From the very beginning, that night at the launch party. How things had continued after that. And how they had ended, breaking his heart in two and leaving him bleeding, broken.
It turned into a book of sorts, although not a book he'd ever try to publish.
Not just because of all the sex scenes, which he'd written in language almost as raw as his memories.
But because of what it exposed about him.
A man with all the trappings of success, all the pieces of a life constructed so carefully, put in place one by one.
Partner in a London law firm, owner of a flat near the City, holder of a lucrative investment portfolio, with an expensive car he rarely used. All of that assembled to prove that a working-class boy from Dublin could have it all, could break into the club.
And then Sybil had come into his life, shattering it like a stone thrown through a window. Making him realise how meaningless it all was, without her.
So he'd risked it all. And crashed and burned.
And now he had nothing.
How could it all have gone so wrong?
He'd had several messages from friends and colleagues back in London, just checking in, but he'd ignored all of them, ignored everything from that life that was now gone. He only wanted one thing from it, which he knew was impossible, and if he could not have it he didn't want anything else.
So instead, he amputated that life, as effectively as he could, to try and quarantine the pain.
Other than Conor, who texted from time to time, the only people he spoke to were those in the village.
The friendly shopkeeper. She had a black cat which purred at the sight of him, weaving around his legs as he picked up his groceries.

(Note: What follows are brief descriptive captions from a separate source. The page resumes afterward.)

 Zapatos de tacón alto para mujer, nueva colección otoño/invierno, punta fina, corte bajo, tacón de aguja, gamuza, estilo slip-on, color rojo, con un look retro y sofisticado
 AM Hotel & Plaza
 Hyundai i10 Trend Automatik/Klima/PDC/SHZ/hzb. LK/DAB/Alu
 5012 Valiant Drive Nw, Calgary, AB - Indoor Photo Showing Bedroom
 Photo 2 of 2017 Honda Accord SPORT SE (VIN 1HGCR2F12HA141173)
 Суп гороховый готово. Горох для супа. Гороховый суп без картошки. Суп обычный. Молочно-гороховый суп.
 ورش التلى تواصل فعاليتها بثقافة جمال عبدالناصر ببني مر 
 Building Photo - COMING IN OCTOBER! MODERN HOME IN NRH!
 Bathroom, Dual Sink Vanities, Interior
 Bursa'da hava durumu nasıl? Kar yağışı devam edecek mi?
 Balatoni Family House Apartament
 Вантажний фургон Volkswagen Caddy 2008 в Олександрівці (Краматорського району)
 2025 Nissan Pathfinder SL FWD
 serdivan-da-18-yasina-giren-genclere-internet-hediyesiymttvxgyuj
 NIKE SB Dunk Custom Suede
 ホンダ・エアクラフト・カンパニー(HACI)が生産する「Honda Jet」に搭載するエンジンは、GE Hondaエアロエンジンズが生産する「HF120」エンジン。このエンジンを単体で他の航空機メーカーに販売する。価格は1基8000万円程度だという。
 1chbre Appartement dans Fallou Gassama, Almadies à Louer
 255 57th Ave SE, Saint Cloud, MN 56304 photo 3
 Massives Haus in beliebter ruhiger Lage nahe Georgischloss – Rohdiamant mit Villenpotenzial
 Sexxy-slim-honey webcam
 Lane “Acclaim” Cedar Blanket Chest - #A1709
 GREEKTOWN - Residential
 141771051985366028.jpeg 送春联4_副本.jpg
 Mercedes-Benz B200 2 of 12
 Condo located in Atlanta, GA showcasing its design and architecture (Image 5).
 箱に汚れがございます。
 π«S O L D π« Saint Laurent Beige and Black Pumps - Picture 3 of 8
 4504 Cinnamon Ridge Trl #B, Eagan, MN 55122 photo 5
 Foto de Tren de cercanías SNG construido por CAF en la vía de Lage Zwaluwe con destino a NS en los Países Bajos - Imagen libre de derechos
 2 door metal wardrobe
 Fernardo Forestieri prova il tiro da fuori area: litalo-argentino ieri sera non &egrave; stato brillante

The school children. Shouting to each other in Gaelic as they kicked a football down the street, they sometimes invited him to join their game.
The farmers at the pub. They'd been slow to warm to him, thinking him a flash city boy, but when they'd learned his family was from Galway they'd let him into their circle, bit by bit. Talking about the price of sheep, the weather, the predictions for their summer crops.
And a couple of the local girls, who had come up to him at the bar, offered to buy him a drink. But he'd always declined. The thought of it... he just couldn't.
Who knew when he'd be able to be with someone again, like that?
It would never be like that again.
I can't go on like this.
He'd realised that this wasn't sustainable. He'd never be able to go back to London and resume that life. That life was over. Maybe I should move on?
There were opportunities in New York. He'd been approached before by headhunters in his area of law, looking to expand. But he'd never taken them up, because London was where his home was. Or so he thought.
He'd realised he needed to get back to work because he needed his mind to be busy, to help him forget. He believed that over time his memories would lose their power, would become dimmer, fainter – although he'd seen no evidence of that yet. So he needed to craft a new life for himself.
And gradually, a plan for that life was taking shape.
He was well advanced with discussions with a New York firm. An offer document lay on the table that he was planning to sign the next morning, once he'd slept on it.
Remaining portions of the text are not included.